What you will do: Going through the material below, output exactly the lines from the one containing "Đồ Chơi Búp" through the one containing "Fervi Carrello a", and no pictures.

Material provided:
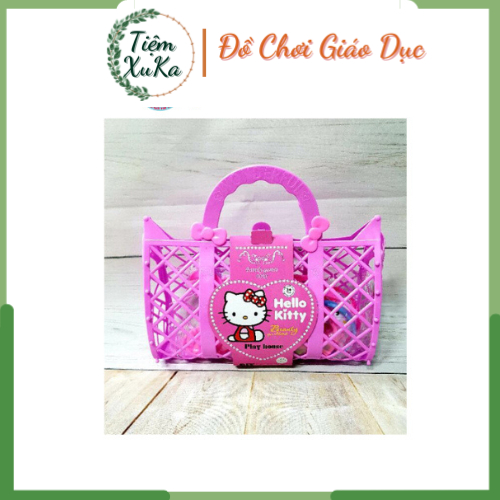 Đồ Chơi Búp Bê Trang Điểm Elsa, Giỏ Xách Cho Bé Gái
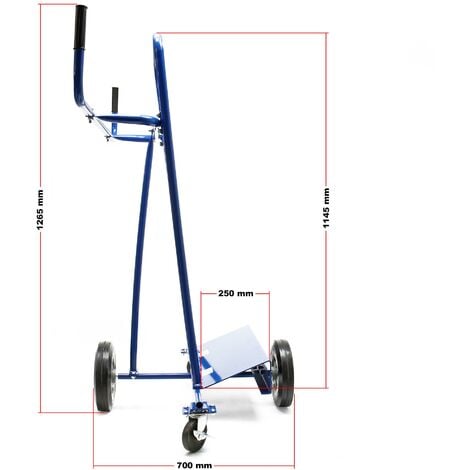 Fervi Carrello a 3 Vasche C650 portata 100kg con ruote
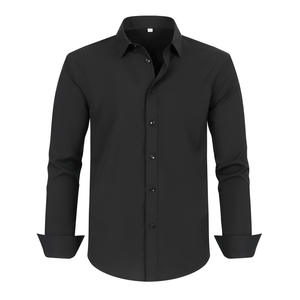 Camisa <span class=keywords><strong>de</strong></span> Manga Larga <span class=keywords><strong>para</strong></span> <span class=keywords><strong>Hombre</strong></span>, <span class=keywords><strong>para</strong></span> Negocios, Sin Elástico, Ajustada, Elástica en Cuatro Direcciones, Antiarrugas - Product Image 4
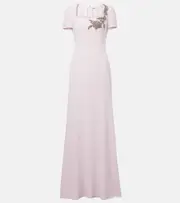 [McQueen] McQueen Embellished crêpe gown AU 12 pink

---

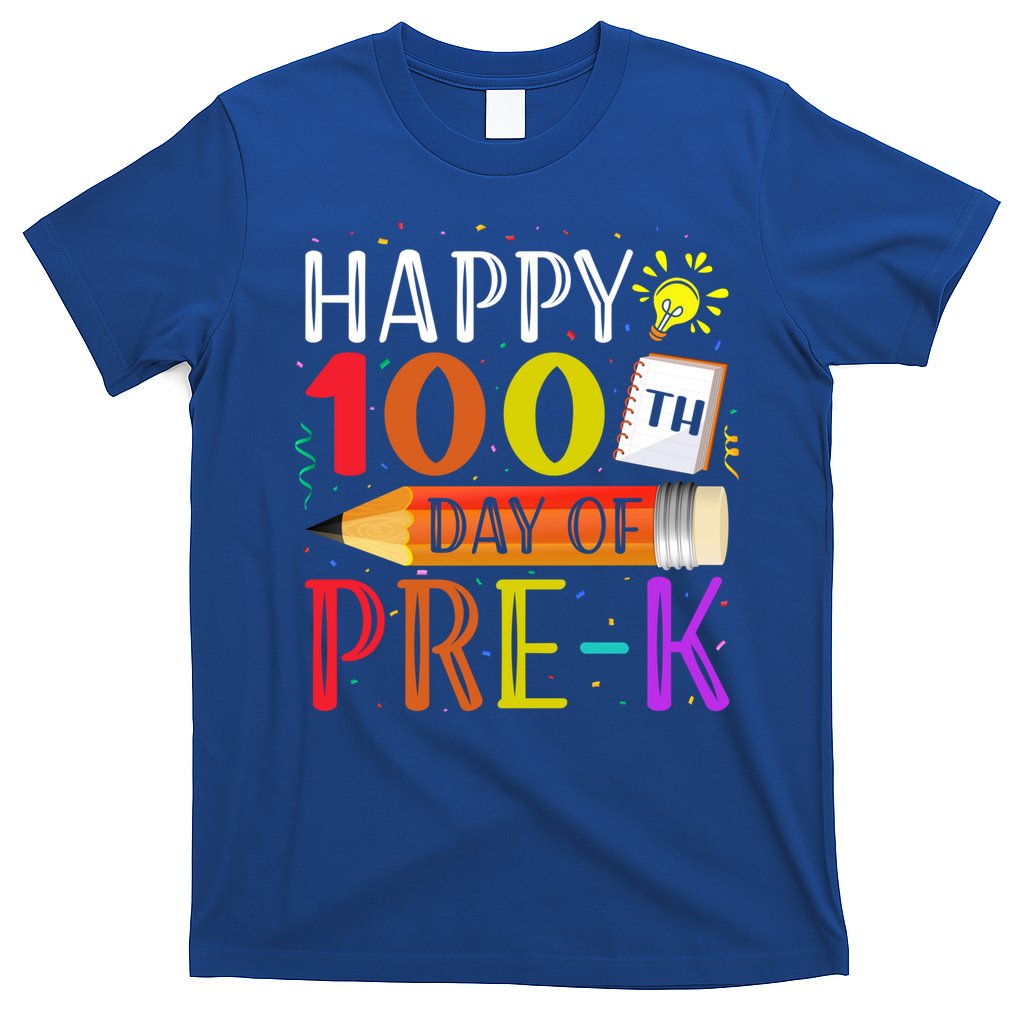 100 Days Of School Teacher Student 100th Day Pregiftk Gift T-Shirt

Result for this task:
 Đồ Chơi Búp Bê Trang Điểm Elsa, Giỏ Xách Cho Bé Gái
 Fervi Carrello a 3 Vasche C650 portata 100kg con ruote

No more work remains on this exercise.